- _PROMPT_
Output all records precisely as written.

Stored records
┌──

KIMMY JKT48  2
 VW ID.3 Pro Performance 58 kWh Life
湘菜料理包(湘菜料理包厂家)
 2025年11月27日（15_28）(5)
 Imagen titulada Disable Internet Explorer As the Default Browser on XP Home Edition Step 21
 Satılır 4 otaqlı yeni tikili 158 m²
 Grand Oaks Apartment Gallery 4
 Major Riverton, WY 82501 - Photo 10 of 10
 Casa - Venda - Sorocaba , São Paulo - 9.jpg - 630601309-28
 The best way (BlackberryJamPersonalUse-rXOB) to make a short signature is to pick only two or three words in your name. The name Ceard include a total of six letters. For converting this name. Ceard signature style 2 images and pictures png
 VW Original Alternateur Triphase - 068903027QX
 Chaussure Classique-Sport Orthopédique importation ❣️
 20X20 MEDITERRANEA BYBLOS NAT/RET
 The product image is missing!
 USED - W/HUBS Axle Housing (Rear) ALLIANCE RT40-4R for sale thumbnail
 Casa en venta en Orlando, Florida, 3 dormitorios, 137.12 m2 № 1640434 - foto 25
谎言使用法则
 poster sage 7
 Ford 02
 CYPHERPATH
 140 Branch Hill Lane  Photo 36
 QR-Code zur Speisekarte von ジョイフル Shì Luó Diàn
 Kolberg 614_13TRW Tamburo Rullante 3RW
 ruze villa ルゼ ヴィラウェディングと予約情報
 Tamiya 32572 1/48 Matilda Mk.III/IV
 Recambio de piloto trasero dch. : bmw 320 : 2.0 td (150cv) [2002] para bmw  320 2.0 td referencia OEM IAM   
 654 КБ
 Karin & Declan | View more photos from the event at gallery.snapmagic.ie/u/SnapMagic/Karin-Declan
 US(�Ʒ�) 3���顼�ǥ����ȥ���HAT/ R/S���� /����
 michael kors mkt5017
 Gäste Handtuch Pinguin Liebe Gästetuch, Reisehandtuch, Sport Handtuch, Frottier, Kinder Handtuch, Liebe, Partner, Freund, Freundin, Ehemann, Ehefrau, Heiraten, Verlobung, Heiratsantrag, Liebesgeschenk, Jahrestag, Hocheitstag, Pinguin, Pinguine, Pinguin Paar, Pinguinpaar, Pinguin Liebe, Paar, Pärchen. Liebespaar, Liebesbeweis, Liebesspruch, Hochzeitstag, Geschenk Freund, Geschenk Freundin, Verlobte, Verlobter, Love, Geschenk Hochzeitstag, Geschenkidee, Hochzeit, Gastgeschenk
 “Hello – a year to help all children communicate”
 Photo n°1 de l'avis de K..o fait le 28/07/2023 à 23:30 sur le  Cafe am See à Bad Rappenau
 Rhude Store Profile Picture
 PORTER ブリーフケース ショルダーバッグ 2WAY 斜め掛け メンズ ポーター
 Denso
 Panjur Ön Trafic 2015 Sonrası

└──

- _PROBLEM SOLUTION_
KIMMY JKT48  2
 VW ID.3 Pro Performance 58 kWh Life
湘菜料理包(湘菜料理包厂家)
 2025年11月27日（15_28）(5)
 Imagen titulada Disable Internet Explorer As the Default Browser on XP Home Edition Step 21
 Satılır 4 otaqlı yeni tikili 158 m²
 Grand Oaks Apartment Gallery 4
 Major Riverton, WY 82501 - Photo 10 of 10
 Casa - Venda - Sorocaba , São Paulo - 9.jpg - 630601309-28
 The best way (BlackberryJamPersonalUse-rXOB) to make a short signature is to pick only two or three words in your name. The name Ceard include a total of six letters. For converting this name. Ceard signature style 2 images and pictures png
 VW Original Alternateur Triphase - 068903027QX
 Chaussure Classique-Sport Orthopédique importation ❣️
 20X20 MEDITERRANEA BYBLOS NAT/RET
 The product image is missing!
 USED - W/HUBS Axle Housing (Rear) ALLIANCE RT40-4R for sale thumbnail
 Casa en venta en Orlando, Florida, 3 dormitorios, 137.12 m2 № 1640434 - foto 25
谎言使用法则
 poster sage 7
 Ford 02
 CYPHERPATH
 140 Branch Hill Lane  Photo 36
 QR-Code zur Speisekarte von ジョイフル Shì Luó Diàn
 Kolberg 614_13TRW Tamburo Rullante 3RW
 ruze villa ルゼ ヴィラウェディングと予約情報
 Tamiya 32572 1/48 Matilda Mk.III/IV
 Recambio de piloto trasero dch. : bmw 320 : 2.0 td (150cv) [2002] para bmw  320 2.0 td referencia OEM IAM   
 654 КБ
 Karin & Declan | View more photos from the event at gallery.snapmagic.ie/u/SnapMagic/Karin-Declan
 US(�Ʒ�) 3���顼�ǥ����ȥ���HAT/ R/S���� /����
 michael kors mkt5017
 Gäste Handtuch Pinguin Liebe Gästetuch, Reisehandtuch, Sport Handtuch, Frottier, Kinder Handtuch, Liebe, Partner, Freund, Freundin, Ehemann, Ehefrau, Heiraten, Verlobung, Heiratsantrag, Liebesgeschenk, Jahrestag, Hocheitstag, Pinguin, Pinguine, Pinguin Paar, Pinguinpaar, Pinguin Liebe, Paar, Pärchen. Liebespaar, Liebesbeweis, Liebesspruch, Hochzeitstag, Geschenk Freund, Geschenk Freundin, Verlobte, Verlobter, Love, Geschenk Hochzeitstag, Geschenkidee, Hochzeit, Gastgeschenk
 “Hello – a year to help all children communicate”
 Photo n°1 de l'avis de K..o fait le 28/07/2023 à 23:30 sur le  Cafe am See à Bad Rappenau
 Rhude Store Profile Picture
 PORTER ブリーフケース ショルダーバッグ 2WAY 斜め掛け メンズ ポーター
 Denso
 Panjur Ön Trafic 2015 Sonrası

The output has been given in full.